The Rise of Open Source MMM

In today’s data-driven advertising world, where privacy is a top concern and signal loss is increasingly more worrying, Marketing Mix Modeling (MMM) has as never before, become an essential tool for advertisers. Its evolution in incorporating a richer, broader and more granular set of commercial variables, delivered faster and linked directly in real-time to business investment needs, has enabled companies to measure the impact of their marketing and as well as other commercial investments (price, promotion, operational, etc.) while adjusting for non-marketing factors. All of this can now be done while taking into account the synergies and halo effects of the collective set of investments. This helps advertisers make better-informed decisions about their budgets to maximize their working together and the effectiveness of their paid, owned, and earned media channels.

With the declining popularity of traditional Multi-Touch Attribution (MTA) methods, publishers are increasingly turning to holistic MMM solutions to give advertisers the insights they need to optimize their platform marketing spending and achieve a higher marketing return on investment (MROI).  This includes measuring both the short-term impact on sales as well as the longer-term tail related to brand equity.

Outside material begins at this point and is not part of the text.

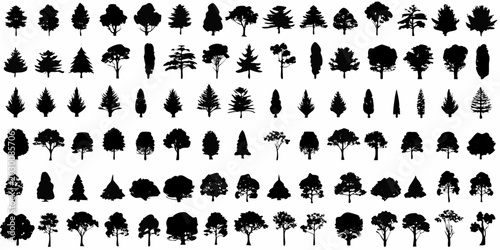 Photos tree silhouettes collection on a white background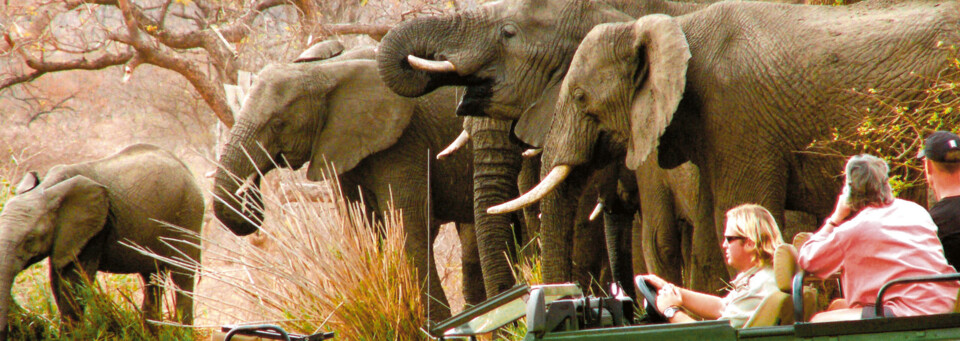 Pirschfahrt Mohlabetsi Safari Lodge Balule Nature Reserve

Given the criticality to measuring growing marketing and commercial budgets, it’s not surprising open source MMM tools are gaining some interest, including some of which that are directly provided by publishers, such as Meta’s Robyn, Google’s recent release of Meridian, and others, such as PyMC. Publishers are optimistic that advertisers will leverage these tools to better understand performance, even at the ad format level.

As privacy regulations increasingly limit third-party individual-level data become obsolete, the media industry is increasingly leaning toward MMM.  As new advertising products powered by AI, such as Google’s Performance Max and Meta’s Advantage Plus, are being introduced, adopting MMM is critical. In fact, most MMM solution providers today, including Ipsos MMA who leverages it within its integrated MMM/Agile Attribution Solution, are increasingly using AI and Machine Learning to expedite richer, faster sets of insights that can be linked directly to incrementality.

Case Example: Meridian by Google

Google has recently released Meridian, its own open source MMM solution. It consists of a set of Python libraries with some basic fundamentals built into it that can enable data science teams to explore MMM-style measurement using well-regarded and standard techniques.

Meridian uses a Bayesian linear regression model to estimate media effects. In classical linear regression, the model selects values for each variable’s weights (model parameters or coefficients), which are assumed to be fixed parameters by minimizing the error and providing confidence intervals without prior assumptions on the weights. Bayesian linear regression uses probability distributions on the model parameters instead of fixed parameters. These assumptions, also known as prior distributions, rely on expert knowledge to estimate model parameters, resulting in posterior distributions on the observed data.

Bayesian linear regression works well when prior knowledge about the distribution of the estimates can compensate for the uncertainty or unavailability of information in the data. Although Bayesian methods have been applied to machine learning problems and have been a building block of AI since the 1980s, they are hard to handle for the uninitiated. The primary reason is that the modeler requires a good understanding of probability theory and computational power.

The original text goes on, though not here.